**WHAT YOU NEED TO DO**.
Copy word for word the lines of the records below, beginning at the one with "Suspension ROMAZZINA 3" and finishing at the one with "Sunflowers free cross-stitch pattern", ends included, but none of the pictures.

**SOURCE MATERIAL**.
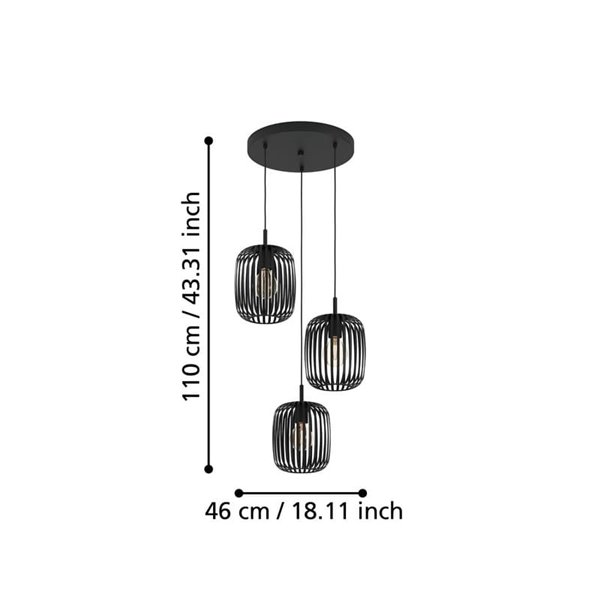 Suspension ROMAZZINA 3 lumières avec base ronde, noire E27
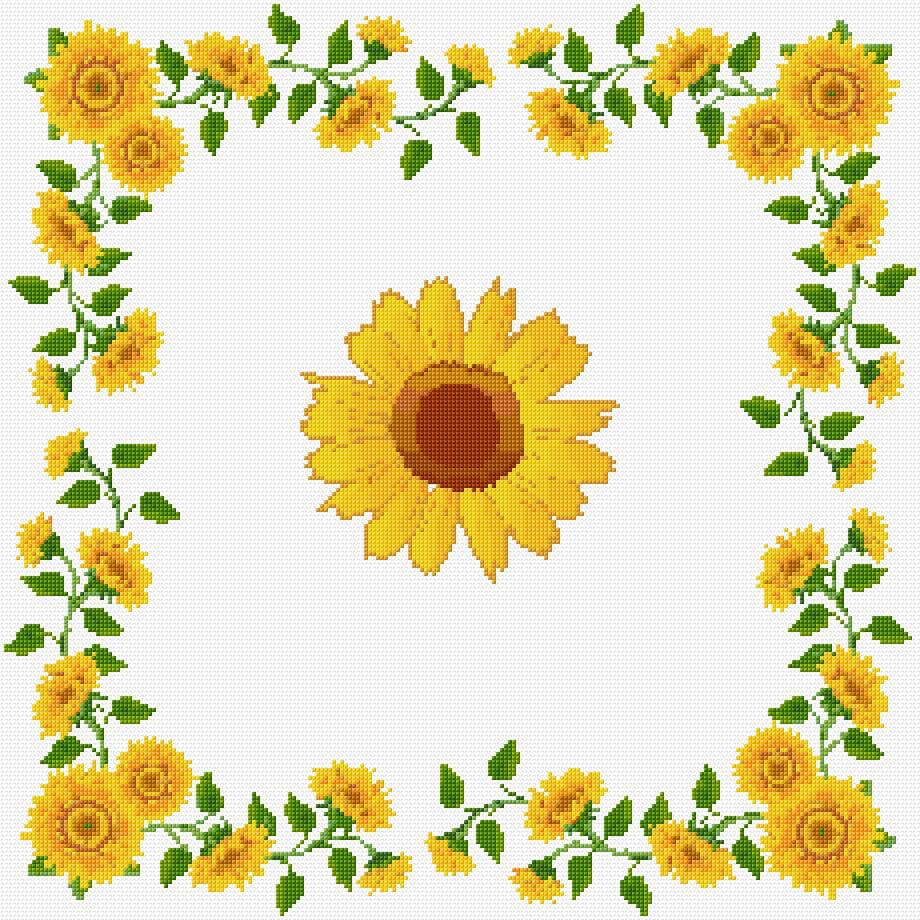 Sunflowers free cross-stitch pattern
---
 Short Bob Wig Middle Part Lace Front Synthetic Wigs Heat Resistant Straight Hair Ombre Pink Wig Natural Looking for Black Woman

**RESPONSE TO THIS EXERCISE**.
 Suspension ROMAZZINA 3 lumières avec base ronde, noire E27
 Sunflowers free cross-stitch pattern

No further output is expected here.